But arguably, we are not done breaking down the rhetorical nesting here. On a meta level, we know that the poem is work of one particular author, Shelley, who per traditional analysis of poetry is a separate entity from the first-person speaker. On a diegetic level, we know that the statue of Ozymandias has an artist, who gave the the statue its inscription. And on a speculative level, Ozymandias is unlikely to have made the statue himself; he may have commissioned it, or the artist may adopted the pharaoh’s persona for the inscription.

So to summarize, here’s how deeply this 14-line poem embeds its story:

  1. It is the work of Percy Bysshe Shelley, who in writing it…
  2. …adopts the voice of a lyrical, first-person speaker, who then…
  3. …tells the audience an account he that heard from the traveler, who in turn…
  4. …quotes a statue’s inscription, which…
  5. …was the product of an unknown artist, who finally…
  6. …adopts or quotes the voice of Ozymandias.

That’s six levels of abstraction that Shelley’s poem presents the reader with. I don’t know about you, but that seems like a long way to go just point out the hubris of world leaders. So why bother with all that embedding?

You’ll notice that two of the voices involved in the poem are those of artists: Shelley (the flesh-and-blood person) and whoever sculpted the statue of the Ozymandias. If there’s one group of people that spend more time thinking about their legacies than do pharaohs, then it’s artists. A common sentiment that one finds in poetry about art is the notion that art grants one a kind of immortality. Even after one dies, the thinking goes, their works will outlast them and carry their spirit through the ages.

As “Ozymandias” reminds us, however, this notion borders on wishful thinking. We don’t know the artist behind the sculpture here, and we had to engage in some diegetic speculation to realize that such a person even existed. And their work’s existence is just as tenuous. Now reduced to “vast and trunkless legs of stone” (line 2), “a shattered visage” (line 4), and a pedestal, the statue is only a few steps removed from complete destruction. This is hardly a unique phenomenon: Paintings are lost and damaged, cathedrals crumble from neglect, and sculptures of kings wither in the elements.

One might think that poetry, which is not so tied to the fragile physical world, would be better suited for immortality than the plastic arts. We cannot commit a sculpture to memory, but we can do so with a poem. And this possibility is where I find “Ozymandias” most intriguing.

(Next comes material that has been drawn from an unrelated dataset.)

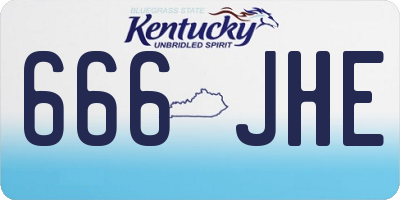 KY license plate 666JHE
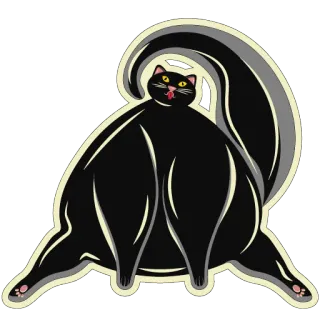 🤪 gato, zorrillo, animal, divertido, dibujo animado, lindo, pegatina whatsapp sticker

As mentioned in my throat-clearing introduction above, “Ozymandias” is a sonnet, albeit one with an unconventional rhyme scheme (ababacdcedefef). More so than any other form of poetry, sonnets often concern themselves with the possibility of immortality through art. This is especially true when it comes to romantic love, as the speaker will often promise the object of their affections, whose beauty will naturally fade with time, the chance to live forever in their poetry. A good example, which I will quote in full because of some similarities with “Ozymandias” in terms of imagery, is Edmund Spenser’s Amoretti LXXV (archaic spellings preserved):

Amoretti LXXV

One day I wrote her name upon the strand,
But came the waves and washèd it away:
Agayne I wrote it with a second hand,
But came the tyde, and made my paynes his pray.
Vayne man, sayd she, that doest in vaine assay,
A mortall thing so to immortalize,
For I my selve shall lyke to this decay,
And eek my name bee wypèd out lykewize.”
Not so, (quod I) let baser things devize
To dy in dust, but you shall live by fame:
My verse your vertues rare shall eternize,
And in the hevens wryte your glorious name:
Where whenas death shall all the world subdew,
Our love shall live, and later life renew.”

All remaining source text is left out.